PROVIDED INFORMATION:
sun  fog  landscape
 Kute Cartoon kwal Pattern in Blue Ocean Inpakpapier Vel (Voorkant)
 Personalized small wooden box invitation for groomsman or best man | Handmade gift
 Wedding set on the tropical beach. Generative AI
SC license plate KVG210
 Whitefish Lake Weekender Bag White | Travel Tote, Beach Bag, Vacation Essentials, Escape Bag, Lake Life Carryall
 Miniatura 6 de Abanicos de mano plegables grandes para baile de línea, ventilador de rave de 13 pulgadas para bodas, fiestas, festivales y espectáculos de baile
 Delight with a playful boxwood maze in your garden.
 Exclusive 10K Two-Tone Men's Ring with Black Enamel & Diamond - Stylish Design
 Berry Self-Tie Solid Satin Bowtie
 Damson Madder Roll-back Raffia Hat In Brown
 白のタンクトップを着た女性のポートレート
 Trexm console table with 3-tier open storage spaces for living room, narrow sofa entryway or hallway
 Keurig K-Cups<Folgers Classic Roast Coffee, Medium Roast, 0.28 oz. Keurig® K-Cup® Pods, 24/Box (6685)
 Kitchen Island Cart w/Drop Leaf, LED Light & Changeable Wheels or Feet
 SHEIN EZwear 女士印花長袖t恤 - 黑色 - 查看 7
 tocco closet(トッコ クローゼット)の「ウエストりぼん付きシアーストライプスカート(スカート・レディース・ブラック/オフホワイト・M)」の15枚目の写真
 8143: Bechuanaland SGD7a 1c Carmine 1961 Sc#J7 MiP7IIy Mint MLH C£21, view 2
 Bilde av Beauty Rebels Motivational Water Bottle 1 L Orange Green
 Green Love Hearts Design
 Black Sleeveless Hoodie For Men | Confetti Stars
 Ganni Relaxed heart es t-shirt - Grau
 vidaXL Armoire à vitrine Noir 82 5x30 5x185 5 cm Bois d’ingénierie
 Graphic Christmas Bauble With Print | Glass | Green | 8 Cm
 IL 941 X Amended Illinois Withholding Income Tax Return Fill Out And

TRY IT: Give the listing again in its entirety, exactly as written.

RESPONSE AREA:
sun  fog  landscape
 Kute Cartoon kwal Pattern in Blue Ocean Inpakpapier Vel (Voorkant)
 Personalized small wooden box invitation for groomsman or best man | Handmade gift
 Wedding set on the tropical beach. Generative AI
SC license plate KVG210
 Whitefish Lake Weekender Bag White | Travel Tote, Beach Bag, Vacation Essentials, Escape Bag, Lake Life Carryall
 Miniatura 6 de Abanicos de mano plegables grandes para baile de línea, ventilador de rave de 13 pulgadas para bodas, fiestas, festivales y espectáculos de baile
 Delight with a playful boxwood maze in your garden.
 Exclusive 10K Two-Tone Men's Ring with Black Enamel & Diamond - Stylish Design
 Berry Self-Tie Solid Satin Bowtie
 Damson Madder Roll-back Raffia Hat In Brown
 白のタンクトップを着た女性のポートレート
 Trexm console table with 3-tier open storage spaces for living room, narrow sofa entryway or hallway
 Keurig K-Cups<Folgers Classic Roast Coffee, Medium Roast, 0.28 oz. Keurig® K-Cup® Pods, 24/Box (6685)
 Kitchen Island Cart w/Drop Leaf, LED Light & Changeable Wheels or Feet
 SHEIN EZwear 女士印花長袖t恤 - 黑色 - 查看 7
 tocco closet(トッコ クローゼット)の「ウエストりぼん付きシアーストライプスカート(スカート・レディース・ブラック/オフホワイト・M)」の15枚目の写真
 8143: Bechuanaland SGD7a 1c Carmine 1961 Sc#J7 MiP7IIy Mint MLH C£21, view 2
 Bilde av Beauty Rebels Motivational Water Bottle 1 L Orange Green
 Green Love Hearts Design
 Black Sleeveless Hoodie For Men | Confetti Stars
 Ganni Relaxed heart es t-shirt - Grau
 vidaXL Armoire à vitrine Noir 82 5x30 5x185 5 cm Bois d’ingénierie
 Graphic Christmas Bauble With Print | Glass | Green | 8 Cm
 IL 941 X Amended Illinois Withholding Income Tax Return Fill Out And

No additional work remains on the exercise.